Step 3: Get More Details Online
With these recommendations in hand, go online and find out if the communities you’ve heard about match up to your needs. For instance, check if they:
- Are in a desired location
- Have good reviews
- Match your preferences
- Have options that meet your potential care needs
Get as much information as you can from the care agency or community’s website. But don’t stop there! There are a number of great sites online that can supplement your research.
We recommend that you consult ElderCare Locator, a public service of the U.S. Administration on Aging.

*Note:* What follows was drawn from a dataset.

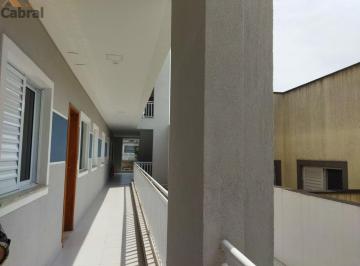 Casa · 42m² · 2 Quartos · Apartamentos - Pq. Vitória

The service also includes a toll-free number 1-800-677-1116, connecting you to a spectrum of community and state-based resources like adult day services, transportation, in-home meal delivery, and more.

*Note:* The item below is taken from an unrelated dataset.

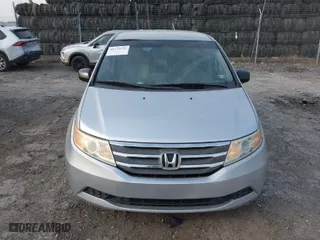2013 Honda Odyssey LX with VIN 5FNRL5H22DB028827, listed as a IAAI auction lot 41775121 with 211,205 mi miles. Bid and sale history available at carsss.com. Image 12.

If you’re considering hospice providers, consult Hospice Compare by Medicare.Gov or the National Hospice and Palliative Care Organization.
However, keep in mind that some senior care search sites, like SeniorAdvisor.com or Caring.com, typically only list the communities that have partnered with them. Take anything you read online with a grain of salt.
Step 4: Choose 5 Places to Call
Once you’ve gotten a sense of the options, it’s time to find senior care options that you’re ready to investigate further.
Make a list of your top 5 options, with notes on why you chose each one. Then, call these communities to schedule next steps. Depending on the senior care, this may be an information session, a virtual tour, or an interview with a home-care professional.
You can also use these calls to get a sense of what the staff, atmosphere and community is like. Even a phone call can give you great insight into how you or your loved one would be treated.
Step 5: Choose 3 Places to Virtually Visit
If you’re considering a residential care setting (i.e. Alzheimer’s care, assisted or independent living), choose at least 3 places to visit via virtual tour. Use all the information you’ve gathered and the insights from your phone calls to determine which ones are worth a visit.
Check out this post to read our top tips on how to ensure you have a great virtual tour!
If you’re looking for care for yourself, try to include a family member or loved one on the tour for other perspectives. If you’re looking for a community for a parent or relative, they should absolutely join you for virtual tours.
However, they may be hesitant or resistant. Be as compassionate as you can. Check out these recommendations from author, former caregiver, and intergenerational communication expert David Solie — and don’t push your loved one. After all, you’re partners in the journey to find senior care. Give control where and when possible, and emphasize the priorities of choice and independence.
Step 6: Finalize a List of Preferences
After the virtual tours, make a list of preferences, priorities, and perks. Review your notes from the tour: What stood out? What concerned you? What impressed you? Compare notes with anyone who joined you.
Find out what your loved one’s priorities are too: he or she may find the location to be more important than how the community looks or be more concerned about meal plan options than the number of activities on the calendar.